At the base of the Blue Ridge mountains, Mom and Dad found an old abandoned railroad car with a running creek nearby and no human neighbors. We set up camp in the train car where we’d live for the next decade or so.

Dad was pretty handy. The stove used wood as fuel, which was plentiful in our new life by the rails. Water was pumped in from the creek by using an old firehose he’d picked up at a community rummage sale years back.

The railroad car was comfortable, actually. At one end were adequate sleeping areas and at the other was a small kitchen that had seen better days, but it served our purpose.

Most nights after supper, Dad would build a campfire near the dilapidated train tracks and play guitar. Sometimes Mom and Dad would tell me stories about the sit-ins, music fests, and protests that were a huge part of their life before they decided to ditch civilization and live by the laws of nature.

As for me, I was relieved to not have a strict schedule. Mom home-schooled me. Many of my lessons came to life by helping her plant and harvest vegetables, a crop Mom and Dad referred to as “Mary Jane”, and catch fish in the creek.

Life was good.

Then it Happened

One night, long after we’d all gone to bed, I was awakened by a whistle from deep in the mountains. Then I felt a rumble in the ground and heard the squeal of metal on metal.

What on earth? That can’t possibly be a train. These tracks have been inoperable for years! Oh, God, please don’t let it be a tornado. (I’d heard they sound just like a train coming.)

I snuck out of bed to see what was going on. Mom and Dad were still sound asleep.

How did they not hear that?!

As I looked out a window at the front of the car, a train came chugging into view.
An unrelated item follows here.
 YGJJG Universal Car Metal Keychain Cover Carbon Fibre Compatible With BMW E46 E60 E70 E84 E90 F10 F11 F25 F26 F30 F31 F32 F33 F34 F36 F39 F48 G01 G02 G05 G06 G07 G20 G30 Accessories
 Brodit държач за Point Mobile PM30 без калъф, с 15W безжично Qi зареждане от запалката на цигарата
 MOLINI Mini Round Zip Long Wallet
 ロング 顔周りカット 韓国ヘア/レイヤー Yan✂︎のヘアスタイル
Smoke billowed from the tail end and let out a final whoosh as it came to rest parallel to our makeshift home. The conductor disembarked and began slowing walking south alongside the tracks.
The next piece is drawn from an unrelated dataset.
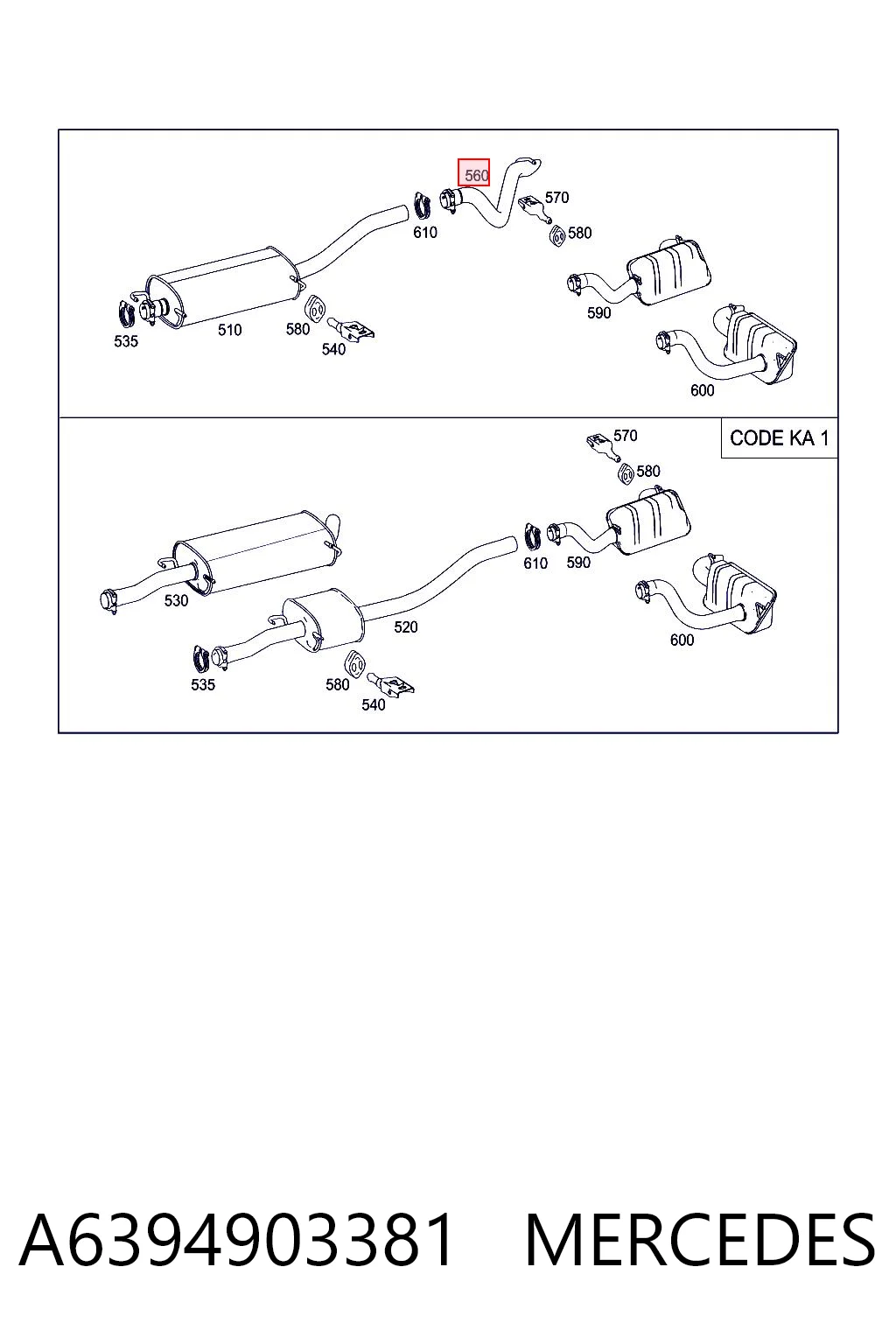 A6394903381 Mercedes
Then he – and the train – disappeared before my eyes.

Fast Forward

Mom and Dad never did hear, nor did they see, the Ghost Train.
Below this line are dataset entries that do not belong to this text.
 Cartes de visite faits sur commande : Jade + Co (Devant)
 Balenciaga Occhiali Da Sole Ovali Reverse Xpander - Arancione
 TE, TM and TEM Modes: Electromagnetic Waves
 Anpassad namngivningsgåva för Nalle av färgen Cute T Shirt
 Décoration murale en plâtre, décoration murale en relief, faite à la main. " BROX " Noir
We eventually moved back to civilization – a small town in Tennessee where Mom opened an art school and Dad played at local venues. I enrolled in a few creative writing courses and was fortunate to eek out a meager living from letting my imagination roam.

Now, every summer, I return to the abandoned railroad car and use it as a writing retreat.

And every summer, on the anniversary of my first encounter with the Ghost Train, it reappears. The only difference is, now the conductor waves at me as he strolls down the tracks.

And I wave back.

Jim Croce - Railroad Song

Questions & Answers

Question: Is this from a real memory?

Answer: No, this story wasn't created from a real memory at all. Once I decided on the Hippie Era as the setting, my imagination/muse did the rest. She just took off!